Action item »
The exercise calls for exact output of the lines between the one that contains "شیرینی‌خوری چوبی لوکس" and the end of the data, with both ends kept and pictures left out.
Data for this task Start Marker
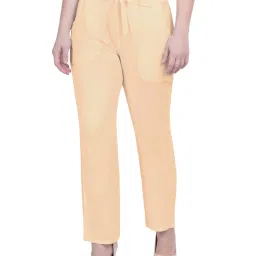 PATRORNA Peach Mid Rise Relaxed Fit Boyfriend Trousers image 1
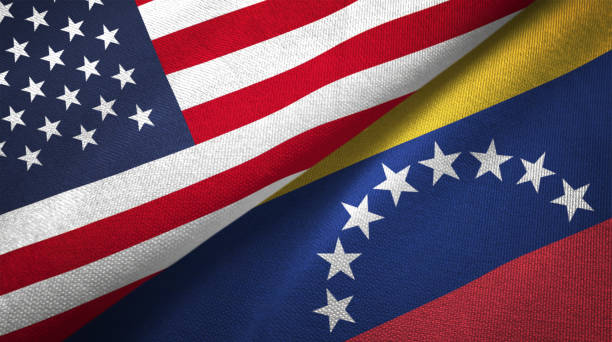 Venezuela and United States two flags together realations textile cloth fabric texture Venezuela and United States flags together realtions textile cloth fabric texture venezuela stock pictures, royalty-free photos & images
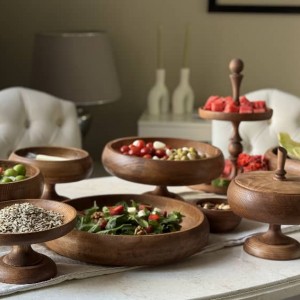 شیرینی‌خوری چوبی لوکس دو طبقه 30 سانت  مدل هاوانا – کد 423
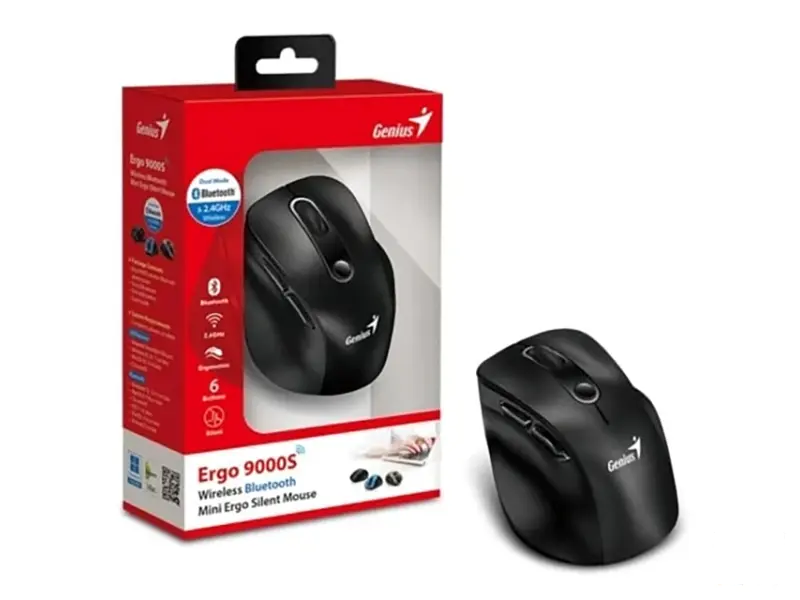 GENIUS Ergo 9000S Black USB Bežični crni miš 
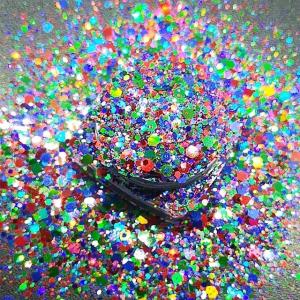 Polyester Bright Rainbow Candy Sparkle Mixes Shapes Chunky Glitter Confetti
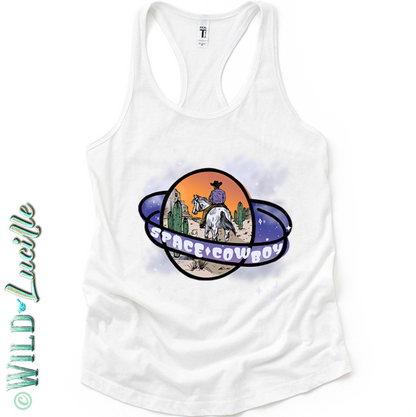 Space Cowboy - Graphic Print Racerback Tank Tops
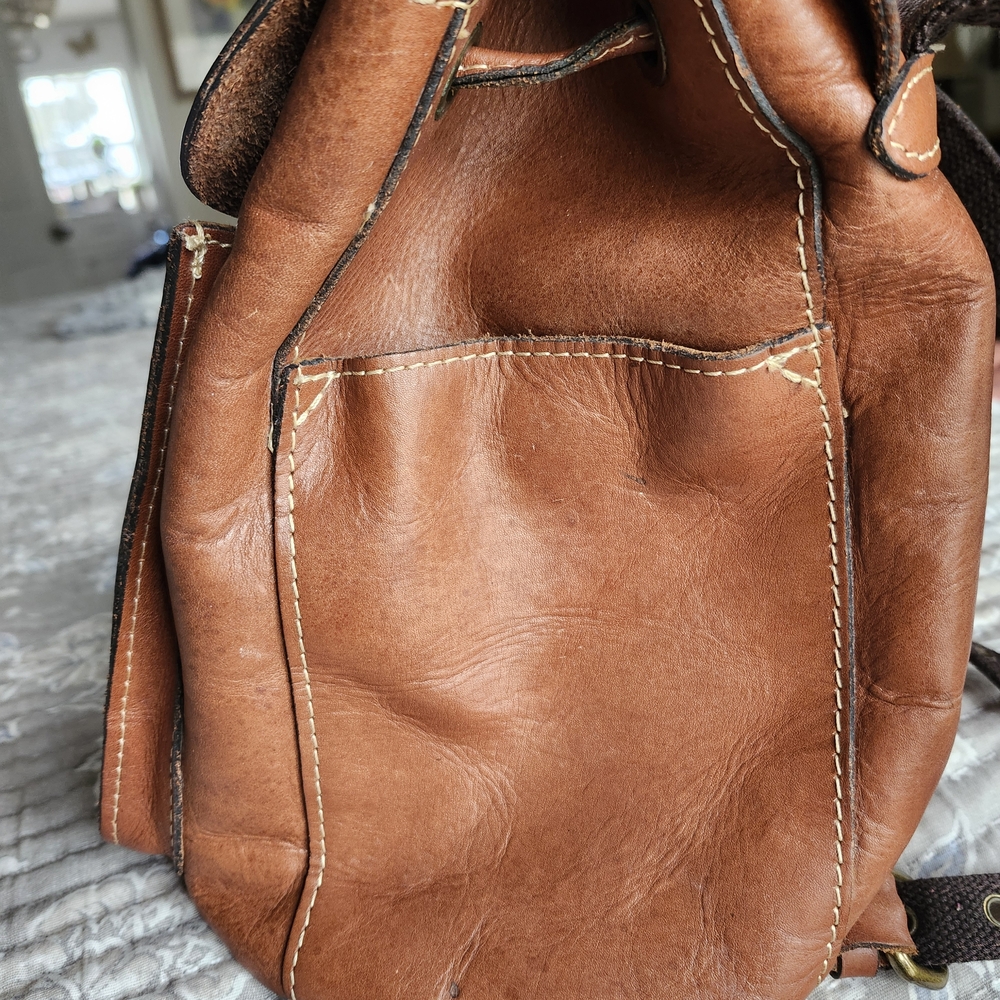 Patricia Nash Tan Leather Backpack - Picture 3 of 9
Data for this task End Marker
Problem solution »
 شیرینی‌خوری چوبی لوکس دو طبقه 30 سانت  مدل هاوانا – کد 423
 GENIUS Ergo 9000S Black USB Bežični crni miš 
 Polyester Bright Rainbow Candy Sparkle Mixes Shapes Chunky Glitter Confetti
 Space Cowboy - Graphic Print Racerback Tank Tops
 Patricia Nash Tan Leather Backpack - Picture 3 of 9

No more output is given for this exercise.